Repeat the whole listing, keeping each line as it is.

::: Supplied entries

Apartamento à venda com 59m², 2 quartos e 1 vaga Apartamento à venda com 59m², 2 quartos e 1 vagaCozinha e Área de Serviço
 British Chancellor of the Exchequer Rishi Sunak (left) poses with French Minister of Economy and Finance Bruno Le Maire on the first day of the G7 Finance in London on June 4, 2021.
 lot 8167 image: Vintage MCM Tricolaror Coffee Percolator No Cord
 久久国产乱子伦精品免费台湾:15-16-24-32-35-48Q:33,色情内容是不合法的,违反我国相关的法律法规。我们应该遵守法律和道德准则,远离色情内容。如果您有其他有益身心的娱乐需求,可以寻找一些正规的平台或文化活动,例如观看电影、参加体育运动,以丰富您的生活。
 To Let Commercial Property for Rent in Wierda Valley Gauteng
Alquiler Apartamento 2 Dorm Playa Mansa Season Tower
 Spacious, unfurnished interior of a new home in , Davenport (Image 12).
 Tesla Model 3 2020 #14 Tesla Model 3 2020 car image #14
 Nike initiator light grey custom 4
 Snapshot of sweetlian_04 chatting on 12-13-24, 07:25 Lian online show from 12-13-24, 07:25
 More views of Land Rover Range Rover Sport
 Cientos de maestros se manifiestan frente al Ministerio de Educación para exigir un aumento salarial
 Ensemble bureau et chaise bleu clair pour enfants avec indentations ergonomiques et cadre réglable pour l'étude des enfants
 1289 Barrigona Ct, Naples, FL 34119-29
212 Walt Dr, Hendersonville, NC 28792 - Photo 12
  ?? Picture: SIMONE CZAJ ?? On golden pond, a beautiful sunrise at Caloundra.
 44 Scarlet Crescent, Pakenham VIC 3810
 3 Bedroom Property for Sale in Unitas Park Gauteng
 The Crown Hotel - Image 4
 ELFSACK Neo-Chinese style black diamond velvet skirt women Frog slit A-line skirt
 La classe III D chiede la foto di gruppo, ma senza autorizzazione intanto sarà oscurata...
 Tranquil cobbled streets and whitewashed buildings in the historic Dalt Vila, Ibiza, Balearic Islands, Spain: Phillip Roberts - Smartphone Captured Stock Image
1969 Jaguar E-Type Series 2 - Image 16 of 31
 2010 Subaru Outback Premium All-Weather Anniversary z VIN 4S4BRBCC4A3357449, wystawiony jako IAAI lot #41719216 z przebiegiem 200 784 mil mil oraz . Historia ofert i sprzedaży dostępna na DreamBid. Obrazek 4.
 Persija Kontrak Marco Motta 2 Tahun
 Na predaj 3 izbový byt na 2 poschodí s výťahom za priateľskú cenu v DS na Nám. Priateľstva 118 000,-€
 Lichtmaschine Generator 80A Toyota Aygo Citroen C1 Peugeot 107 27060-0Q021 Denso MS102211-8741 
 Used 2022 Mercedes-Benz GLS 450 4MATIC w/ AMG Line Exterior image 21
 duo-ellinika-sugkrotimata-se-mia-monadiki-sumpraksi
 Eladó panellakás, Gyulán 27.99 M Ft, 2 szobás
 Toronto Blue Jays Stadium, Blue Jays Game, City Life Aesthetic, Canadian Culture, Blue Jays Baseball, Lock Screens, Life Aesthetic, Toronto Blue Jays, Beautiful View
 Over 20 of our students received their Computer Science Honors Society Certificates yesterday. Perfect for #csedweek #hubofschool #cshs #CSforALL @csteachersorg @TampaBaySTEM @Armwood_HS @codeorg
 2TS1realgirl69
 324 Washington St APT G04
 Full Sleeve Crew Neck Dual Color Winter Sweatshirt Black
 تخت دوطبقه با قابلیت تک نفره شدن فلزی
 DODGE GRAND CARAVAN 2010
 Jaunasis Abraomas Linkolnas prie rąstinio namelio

::::::

| Task response |
Apartamento à venda com 59m², 2 quartos e 1 vaga Apartamento à venda com 59m², 2 quartos e 1 vagaCozinha e Área de Serviço
 British Chancellor of the Exchequer Rishi Sunak (left) poses with French Minister of Economy and Finance Bruno Le Maire on the first day of the G7 Finance in London on June 4, 2021.
 lot 8167 image: Vintage MCM Tricolaror Coffee Percolator No Cord
 久久国产乱子伦精品免费台湾:15-16-24-32-35-48Q:33,色情内容是不合法的,违反我国相关的法律法规。我们应该遵守法律和道德准则,远离色情内容。如果您有其他有益身心的娱乐需求,可以寻找一些正规的平台或文化活动,例如观看电影、参加体育运动,以丰富您的生活。
 To Let Commercial Property for Rent in Wierda Valley Gauteng
Alquiler Apartamento 2 Dorm Playa Mansa Season Tower
 Spacious, unfurnished interior of a new home in , Davenport (Image 12).
 Tesla Model 3 2020 #14 Tesla Model 3 2020 car image #14
 Nike initiator light grey custom 4
 Snapshot of sweetlian_04 chatting on 12-13-24, 07:25 Lian online show from 12-13-24, 07:25
 More views of Land Rover Range Rover Sport
 Cientos de maestros se manifiestan frente al Ministerio de Educación para exigir un aumento salarial
 Ensemble bureau et chaise bleu clair pour enfants avec indentations ergonomiques et cadre réglable pour l'étude des enfants
 1289 Barrigona Ct, Naples, FL 34119-29
212 Walt Dr, Hendersonville, NC 28792 - Photo 12
  ?? Picture: SIMONE CZAJ ?? On golden pond, a beautiful sunrise at Caloundra.
 44 Scarlet Crescent, Pakenham VIC 3810
 3 Bedroom Property for Sale in Unitas Park Gauteng
 The Crown Hotel - Image 4
 ELFSACK Neo-Chinese style black diamond velvet skirt women Frog slit A-line skirt
 La classe III D chiede la foto di gruppo, ma senza autorizzazione intanto sarà oscurata...
 Tranquil cobbled streets and whitewashed buildings in the historic Dalt Vila, Ibiza, Balearic Islands, Spain: Phillip Roberts - Smartphone Captured Stock Image
1969 Jaguar E-Type Series 2 - Image 16 of 31
 2010 Subaru Outback Premium All-Weather Anniversary z VIN 4S4BRBCC4A3357449, wystawiony jako IAAI lot #41719216 z przebiegiem 200 784 mil mil oraz . Historia ofert i sprzedaży dostępna na DreamBid. Obrazek 4.
 Persija Kontrak Marco Motta 2 Tahun
 Na predaj 3 izbový byt na 2 poschodí s výťahom za priateľskú cenu v DS na Nám. Priateľstva 118 000,-€
 Lichtmaschine Generator 80A Toyota Aygo Citroen C1 Peugeot 107 27060-0Q021 Denso MS102211-8741 
 Used 2022 Mercedes-Benz GLS 450 4MATIC w/ AMG Line Exterior image 21
 duo-ellinika-sugkrotimata-se-mia-monadiki-sumpraksi
 Eladó panellakás, Gyulán 27.99 M Ft, 2 szobás
 Toronto Blue Jays Stadium, Blue Jays Game, City Life Aesthetic, Canadian Culture, Blue Jays Baseball, Lock Screens, Life Aesthetic, Toronto Blue Jays, Beautiful View
 Over 20 of our students received their Computer Science Honors Society Certificates yesterday. Perfect for #csedweek #hubofschool #cshs #CSforALL @csteachersorg @TampaBaySTEM @Armwood_HS @codeorg
 2TS1realgirl69
 324 Washington St APT G04
 Full Sleeve Crew Neck Dual Color Winter Sweatshirt Black
 تخت دوطبقه با قابلیت تک نفره شدن فلزی
 DODGE GRAND CARAVAN 2010
 Jaunasis Abraomas Linkolnas prie rąstinio namelio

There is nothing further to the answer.